Posted by justacouponguy | Report as abusive

“The problem it seems, that with time, the offers get progressively dull — near-daily facial, pedicure and massage offers.”

Would these not be the businesses that can AFFORD to sell their services at a 75% discount? For anybody else, it has to be treated (and judged) as a loss-leader.

The BIG QUESTION is whether Groupon does enough to justify the fees they charge. Sure, they splash a deal out there to a million people in a 30-mile radius of your business. But are there not cheaper forms of advertising? Buy the front page of the community newspaper and offer customers 50% off on Saturday. You’ll get traffic out of that, and the ad likely won’t cost you ANOTHER 20% of your day’s sales.

If Groupon wants to charge higher-than-industry fees for ad placement, then they need to justify that with better targeting of those ads. From what I’ve seen, they make no effort to target.

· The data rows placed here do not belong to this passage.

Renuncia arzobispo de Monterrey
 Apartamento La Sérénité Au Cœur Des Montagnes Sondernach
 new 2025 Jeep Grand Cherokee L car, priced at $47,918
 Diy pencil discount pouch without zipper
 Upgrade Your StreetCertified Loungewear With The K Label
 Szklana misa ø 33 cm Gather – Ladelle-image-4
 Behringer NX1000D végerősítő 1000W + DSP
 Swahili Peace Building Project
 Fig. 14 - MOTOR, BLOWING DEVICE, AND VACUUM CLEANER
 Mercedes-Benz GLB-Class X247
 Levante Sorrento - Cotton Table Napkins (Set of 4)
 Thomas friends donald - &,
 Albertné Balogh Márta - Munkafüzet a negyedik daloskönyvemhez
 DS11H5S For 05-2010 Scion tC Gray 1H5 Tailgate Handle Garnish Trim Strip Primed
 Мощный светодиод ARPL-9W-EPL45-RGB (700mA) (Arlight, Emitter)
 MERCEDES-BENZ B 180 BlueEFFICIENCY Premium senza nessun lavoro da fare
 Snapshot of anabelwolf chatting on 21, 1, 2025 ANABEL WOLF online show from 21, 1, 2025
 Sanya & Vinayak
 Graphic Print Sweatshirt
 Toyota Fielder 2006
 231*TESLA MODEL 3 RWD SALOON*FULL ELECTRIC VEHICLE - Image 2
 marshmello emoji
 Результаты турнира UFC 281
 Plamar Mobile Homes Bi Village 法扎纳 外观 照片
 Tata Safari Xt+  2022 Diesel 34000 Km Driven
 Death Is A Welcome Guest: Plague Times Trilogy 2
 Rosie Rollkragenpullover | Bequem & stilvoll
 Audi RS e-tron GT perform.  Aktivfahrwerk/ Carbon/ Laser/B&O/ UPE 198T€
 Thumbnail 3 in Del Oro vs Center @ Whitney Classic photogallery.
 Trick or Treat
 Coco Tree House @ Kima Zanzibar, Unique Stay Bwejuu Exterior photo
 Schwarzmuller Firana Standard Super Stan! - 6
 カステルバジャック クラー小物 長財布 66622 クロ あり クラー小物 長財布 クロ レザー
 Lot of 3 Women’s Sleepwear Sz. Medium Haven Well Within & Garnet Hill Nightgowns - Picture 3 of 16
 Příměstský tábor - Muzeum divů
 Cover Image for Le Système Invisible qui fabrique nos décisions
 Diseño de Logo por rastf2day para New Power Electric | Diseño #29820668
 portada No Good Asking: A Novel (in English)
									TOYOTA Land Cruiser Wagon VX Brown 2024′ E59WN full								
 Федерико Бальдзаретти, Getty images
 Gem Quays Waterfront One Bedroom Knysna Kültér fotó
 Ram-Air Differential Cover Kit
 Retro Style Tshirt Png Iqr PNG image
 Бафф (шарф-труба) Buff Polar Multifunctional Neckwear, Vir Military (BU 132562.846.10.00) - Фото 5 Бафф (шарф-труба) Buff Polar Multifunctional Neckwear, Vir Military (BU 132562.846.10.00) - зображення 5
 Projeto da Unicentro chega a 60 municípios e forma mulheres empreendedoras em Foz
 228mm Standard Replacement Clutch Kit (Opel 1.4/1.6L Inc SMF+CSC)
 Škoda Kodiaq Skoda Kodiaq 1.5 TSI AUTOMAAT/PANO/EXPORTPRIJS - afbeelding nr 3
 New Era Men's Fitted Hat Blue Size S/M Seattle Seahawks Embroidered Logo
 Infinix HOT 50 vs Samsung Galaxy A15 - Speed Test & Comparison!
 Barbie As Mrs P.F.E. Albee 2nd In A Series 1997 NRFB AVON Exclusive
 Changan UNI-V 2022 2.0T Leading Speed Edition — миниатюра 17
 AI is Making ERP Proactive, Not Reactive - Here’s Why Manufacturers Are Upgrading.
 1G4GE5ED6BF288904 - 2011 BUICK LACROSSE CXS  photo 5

Posted by TFF | Report as abusive

Can you please link to the full PrivCo analysis on Groupon to put it into context (as you did with BusinessInsider)? Thanks Felix (fyi it’s below too)
http://www.privco.com/press/groupon-runn ing-low-on-cash-and-ipo-likely-to-be-wit hdrawn-nearing-insolvency-august-20-2011

Important to read the full analysis and see how the conclusions are drawn, in my humble opinion.

Posted by WhartonMBAAlum | Report as abusive

Thanks for the link! Added

Posted by FelixSalmon | Report as abusive

Groupon is going to crash and burn because it has neither a sustainable business model nor any real assets. It owns no pyhsical or intellectual property, and it’s business model is easily replicable.

All it “owns” is an idea (i.e. online coupons), and a not particularly revolutionary one at that.

Ten years from now people will be listing Groupon’s decision to turn down Google’s buyout offer as one of the most boneheaded financial decisions ever.